Pavel left behind his entire life in San Diego when he flew out to Romania this month with the hopes of “providing humanitarian assistance” to Ukrainian refugees.

Neasa Cumiskey

A Bono lookalike who booked a one-way ticket to Romania to volunteer at a Ukrainian refugee camp along the border has said that he “may not return” home.

Pavel Sfera (46) is one of the world’s leading Bono impersonators and tribute artists but has swapped his musical career for a life of humanitarianism with no plans of looking back.

Pavel left behind his entire life in San Diego when he flew out to Romania this month with the hopes of “providing humanitarian assistance” to Ukrainian refugees.

“I’ve been here now a week officially,” he told sundayworld.com from his station at the Ukraine-Romania border, which is about five hours away from Odessa.

“I have lots to live for in the States but I have lots to live for here as well. There’s a humanitarian calling.

“I prepared a will and had it certified before I left. I may not return. I may not return even alive.

“I’m elated that I can be here, but I don’t know if I’m going to go back. I’m going to stay here as long as I can. The last thing I want to do is have the war get worse and me leave. I don’t think I could live with myself if that happened.

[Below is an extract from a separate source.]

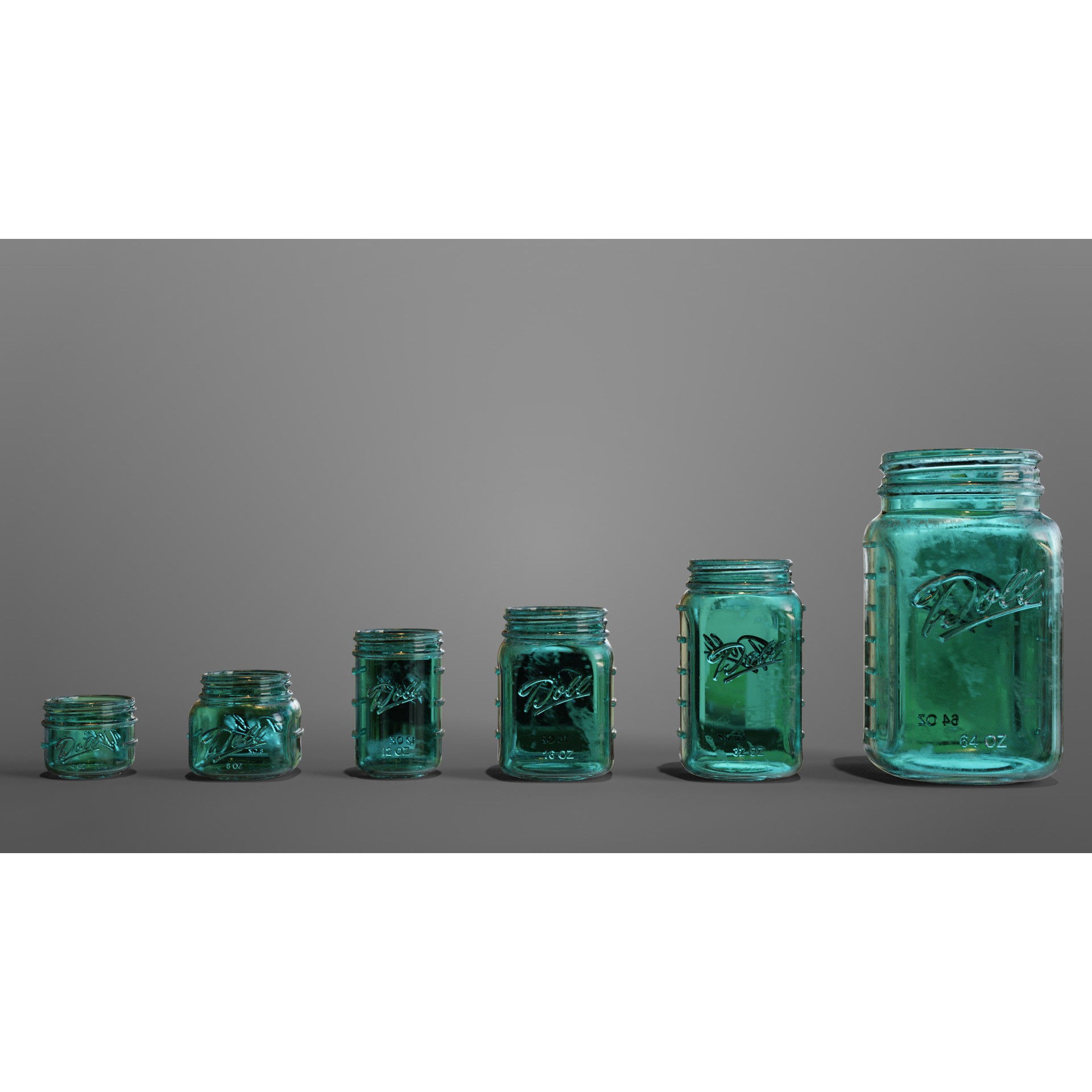 Mason Jars - Low-Poly Game-Ready 3D Model - View 15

“You can’t leave people behind, especially families like this. It’s tough but we’re doing everything in our power to help them feel like there’s direction. I’m a refugee myself so I get emotional over stuff like this.”

Pavel, who has been impersonating Bono professionally for the past 20 years, said that he’s been using his likeness as the U2 frontman to raise morale by playing a few tunes for everyone to enjoy.

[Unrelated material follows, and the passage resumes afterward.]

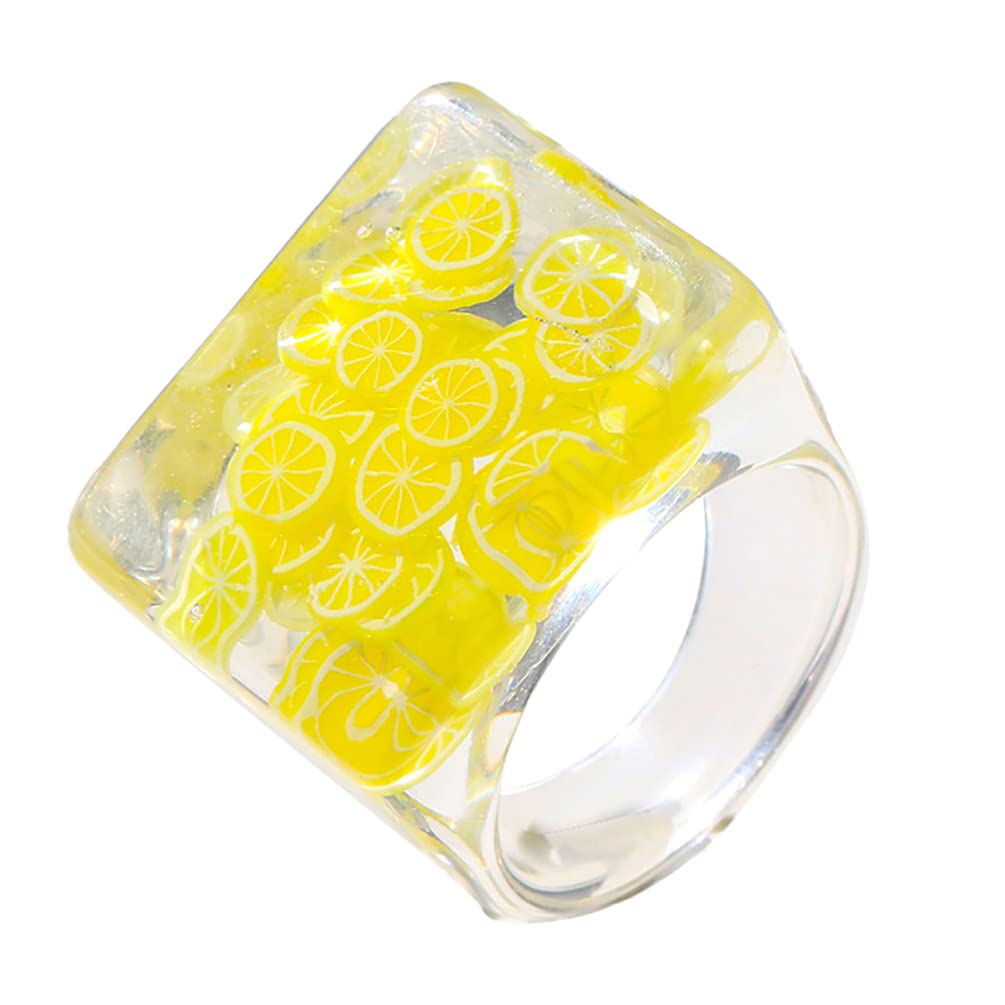 Happyyami Stylish Resin Fruit Ring for Women - Exaggerated Wide Finger Ring, Creative Jewelry with Inlaid Design - Perfect for Parties, Gifts, and Fashion Accessories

“I did Romania’s Got Talent a few years ago and did the whole Bono thing so I've got a bit of notoriety here. Every time I come into the tent here, someone’s playing some U2,” he explained.

“I brought a guitar over here but it got lost at the airport and no one seems to know where it’s at. I want to perform. I performed one night when I borrowed a guitar from a Gypsy girl here and played a few tunes.

“Hallelujah by Leonard Cohen was quite popular and we did some gospel stuff. You could see their faces change and light up. I want them to have these memories.”

He said that he’s met dozens of amazing people in the past week spent at the camp, from his fellow volunteers to the refugees themselves.

“We’re supportive of one another. There’s a lot of volunteers. Some of these people are working 12 to 14 hours a day and no one’s paying them. They don’t consider themselves humanitarians.

“There’s a young couple here, a Ukrainian couple. They’ve been here five months and they’re so fun to watch because they’re giddy and playful. They’re doing humanitarian work and they’re not getting paid. This is how they’re spending their honeymoon.

“Given the circumstances, it’s been a good scenario with the staff here and I’m elated that we can afford the time, the effort, and some of the resources needed to make this thing as efficient as possible.”

Staff at the Ukraine-Romanian border are expecting somewhere between 1,000 and 2,000 asylum seekers over the next few days.

“That’s a lot of people, luggage, kids,” said Pavel.

“As long as our efforts are effective, that’s crucial for me. Everyone has the capacity to do something with what tools they have. I believe in spreading the love.”